From table 4, it can be observed that for all the standard DRs, among the considered three- and four-moduli sets the design D12 is preferable regarding lower hardware resource requirement and the converter D13 needs least conversion time among all the converters. Among the converters D5–D10 for moduli set M1, the proposed converter D10 needs the lowest hardware resources for DR 8 and 16 bits whereas converter D5 is better for 24-, 32-, 48- and 64-bit DRs. Regarding conversion time, for all considered standard DRs, D5 and D10 are better than other converters D6–D9. It can also be observed that the proposed converters D6–D10 need less conversion time than converters D14 and D15 for all the considered standard DRs.

The proposed converters D6–D10 as well as design D5 [21] were implemented using Cadence (Version 14.20), Compiler: RC 14.25 and synthesized using the Cadence Encounter tool using 180-nm technology. The post place and route results of area, conversion time and power dissipation for all these designs for DRs of 8, 16, 24, 32, 48 and 64 bits are presented in table 5.

Table 5 ASIC implementation results of various reverse converters for the three-moduli set M1.

Regarding hardware requirements, for 8- and 64-bit DRs, the design D5 is superior to the converters D6–D10 and the design D6 outperforms converters D5 and D7–D10 for 16-, 24-, 32- and 48-bit DRs. For 16-bit D7 and D8 and for 32-bit and 48-bit DR, converter D8 require less hardware resources than D5. The converter D9 is preferable compared with D5 regarding area for 16-, 24-, 32- and 48-bit DRs.

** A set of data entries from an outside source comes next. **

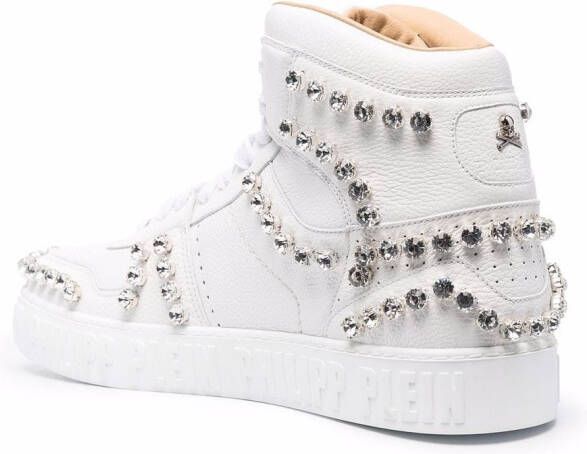 Philipp Plein Sneakers met studs Wit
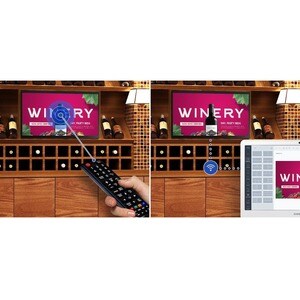 Samsung QB24R-TB 609.60 mm LCD Digital Signage Display - Touchscreen Cortex A72 1.70 GHz - 2.50 GB LPDDR4 - 1920 x 1080 - 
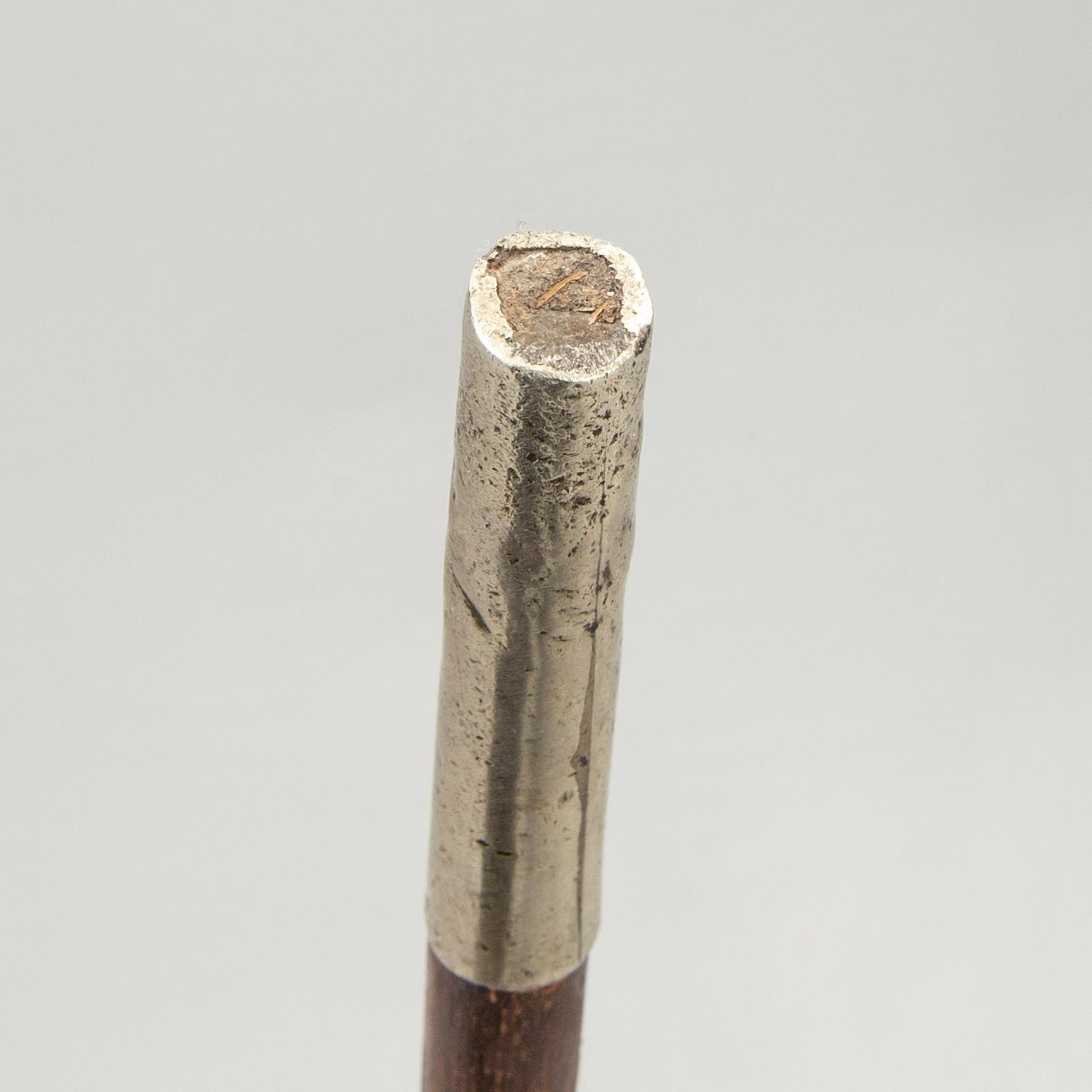 Käpp, ca 1900, England London, silver, malakit.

Regarding conversion time, for 8, 32 and 64 bits, D5 performs better than D6–D10 and for 16-, 24- and 48-bit DRs, D6 outperforms converters D5 and D7–D10. The converter D7 also requires less conversion time than D5 for 16-bit DR.

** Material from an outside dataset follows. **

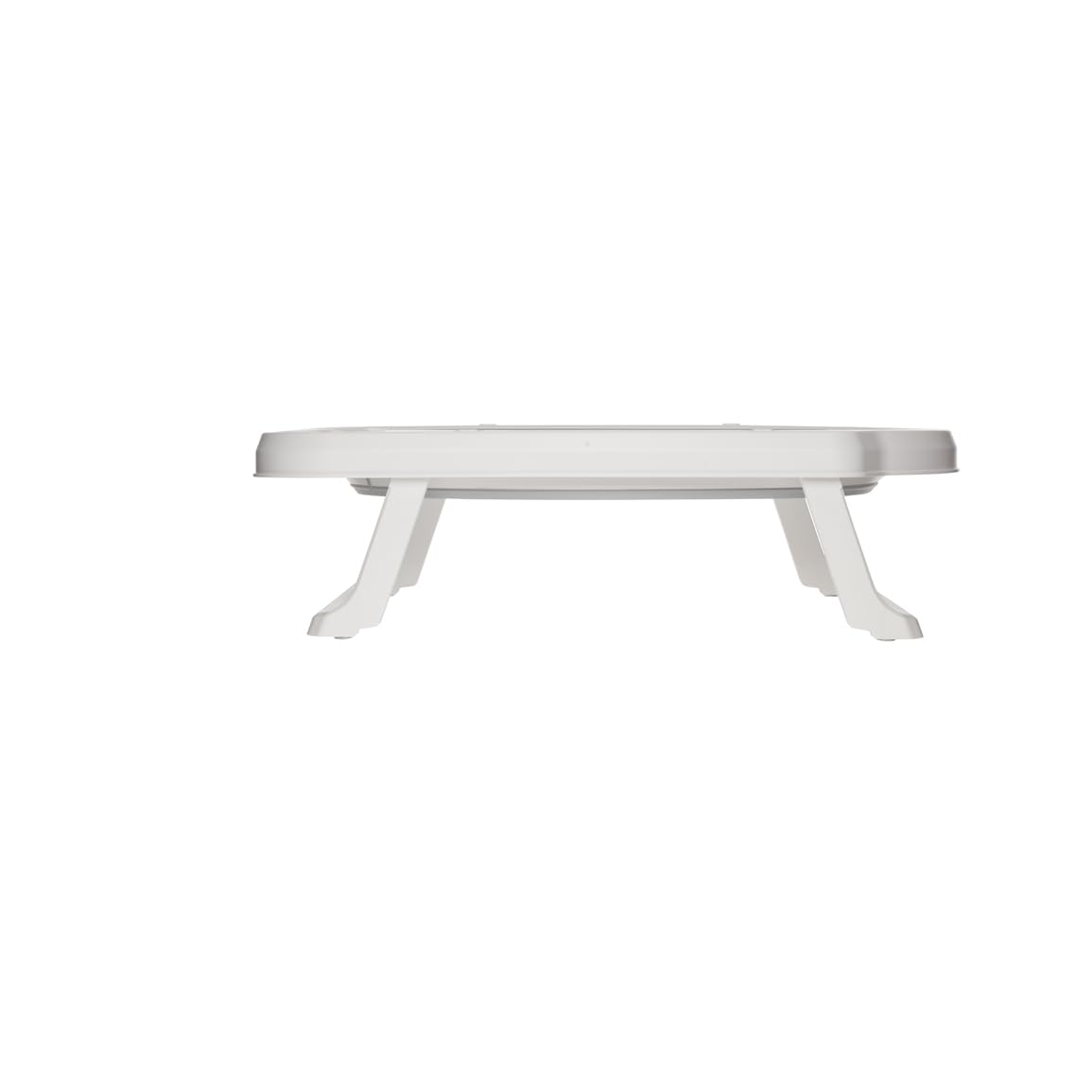 Keeeper Baignoire pliable pour bébé, pieds antidérapants, 48 x 82 x 23,5 cm, capacité 33 l, gris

Regarding power dissipation, 8-, 32-, 48- and 64-bit DRs, the converter D5 is superior than D6–D10 and for 16-bit DR, the converters D6, D7, D9 and D10 outperform converter D5. For 24-bit DR, the converter D7 needs less power dissipation than D5, D6 and D8–D10. Among the proposed converters, for 8-bit DR, the converter D6 is preferable and for 16- and 32-bit DRs, the converter D10 is superior to the other converters regarding power dissipation. For 24-, 48- and 64-bit DRs, the converter D7 needs least power dissipation compared with other proposed converters.

5 Conclusions

In this paper we have presented RNS-to-binary converters for the moduli set {2m−1, 2m, 2m + 1} using MRC technique. All the proposed converters were evaluated based on the hardware resource requirement as well as conversion time with all converters described in literature for the moduli set {2m−1, 2m, 2m + 1}. The proposed converters have also been compared to two four-moduli reverse converters. All the proposed converters are implemented and compared to the area-efficient converter [21] for M1 regarding area and conversion time for different DRs. The proposed converters also need less conversion time than reverse converters for some four-moduli sets. The proposed converters for M1 were shown to be better than some of the other converters regarding area and conversion time while having the advantage of availability of mixed radix digits.